Children entering Toontown these days may need to be accompanied by an adult.
Visitors to the seedy side of the burgeoning burg easily could bump into Frank Murphy spewing language on "F Is for Family" that would make Archie Bunker blush, BoJack Horseman choking his girlfriend or "South Park" bad boy Eric Cartman pretending to be disabled to compete in the Special Olympics.
These colorful, often off-color, residents have been instrumental in making this the most daring, and delicious, period of TV animation. Just don't let them anywhere near your kids. (See our 10 picks for best adult cartoons here.)

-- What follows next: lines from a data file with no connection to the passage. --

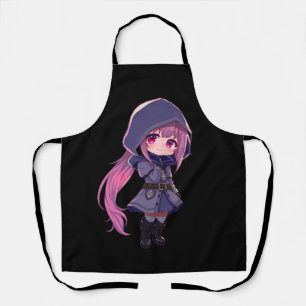 Mystical Chibi Apron – Cute Anime Style for Fantas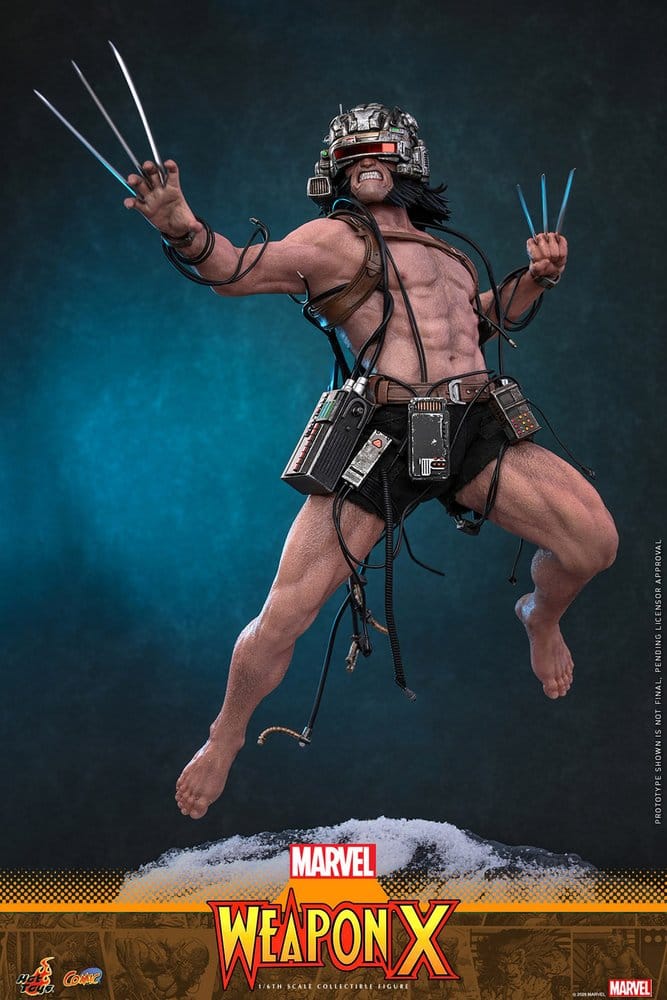 Marvel Comic Masterpiece Actionfigur 1/6 Weapon X 31 cm - Preorder - ETA: 25.02.2028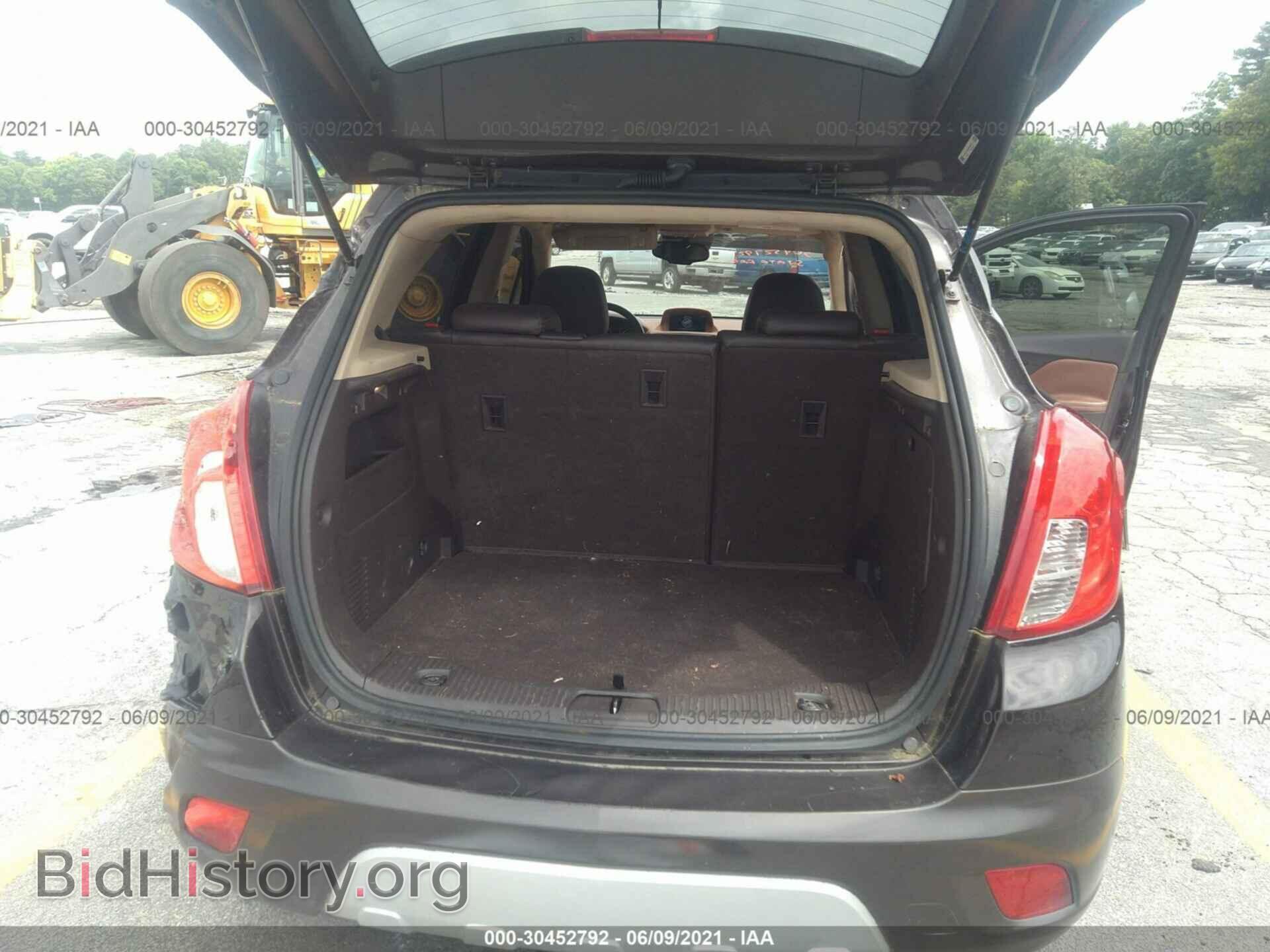 2015 BUICK ENCORE - VIN: KL4CJCSB9FB089228 - Фото 6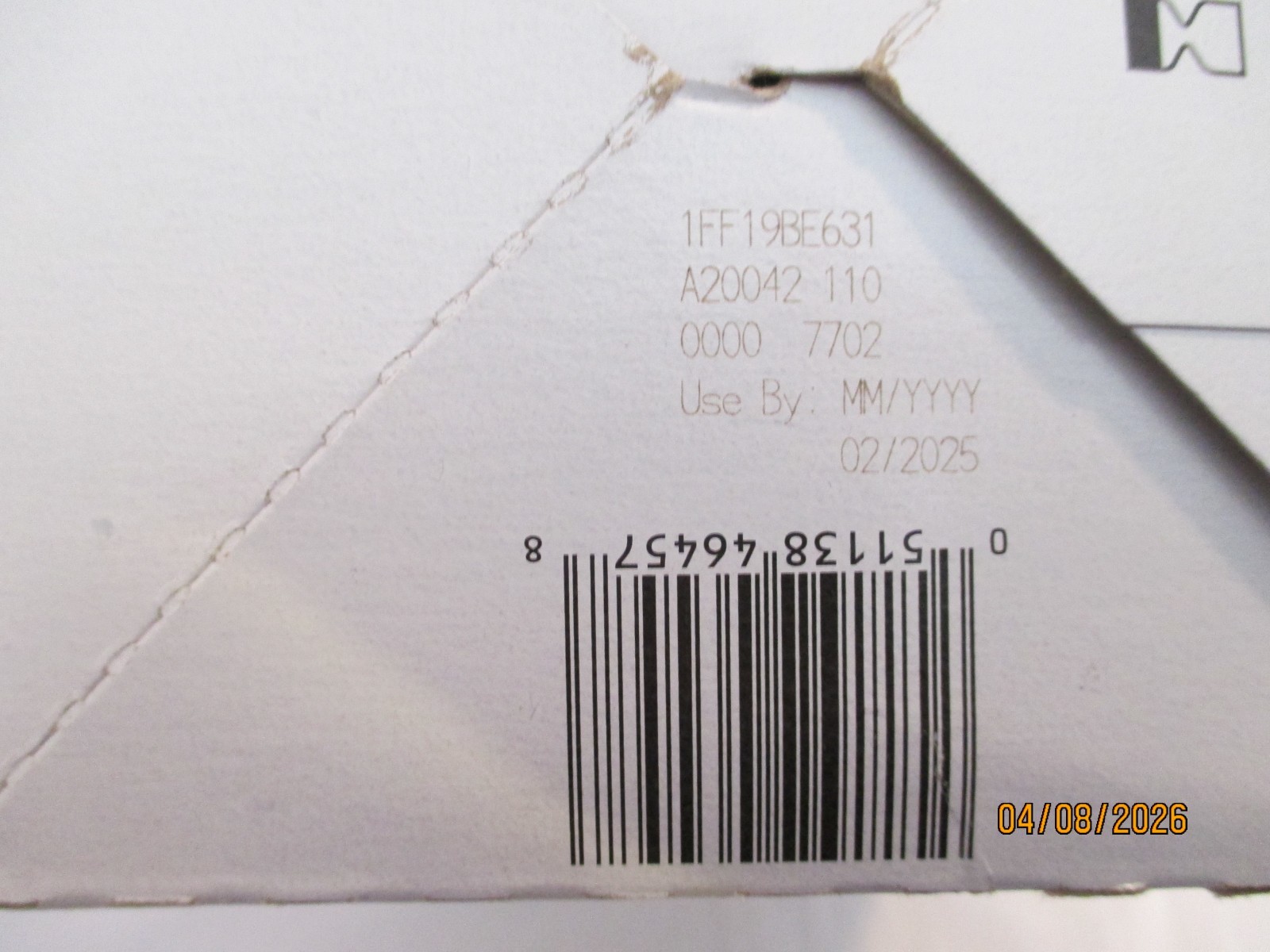 3M Particulate Respirator N95 8210 Box of 20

"I have definitely heard people tell me their 12-year-olds watch 'Archer,' and I'm like, 'Oooh, that's too young for me,' " said Casey Willis, an executive producer for that long-running FXX comedy, which features a narcissistic secret agent who carries as many condoms as he does bullets. The spy sendup is one of more than a dozen animated series in production that carries a TV-MA rating, which means it's designated for mature audiences only.
"I don't want to limit our audience," Willis said. "But I think our viewers should at least be in high school."
Audrey Diehl may be the vice president of animated series at Warner Bros., but even her household can fall into the trap of thinking all cartoons are safe for youngsters.
"My husband doesn't really know animation, so he'll sometimes pull something up and start showing it to my kids, and I'm like, 'No, no, no, no!' " said Diehl, who spent 14 years at Nickelodeon. "I think it's going to be part of a whole new education for consumers to help them understand that just because something is cute and colorful, it doesn't mean it's for kids."
For decades, grown-up cartoons were restricted to the big screen.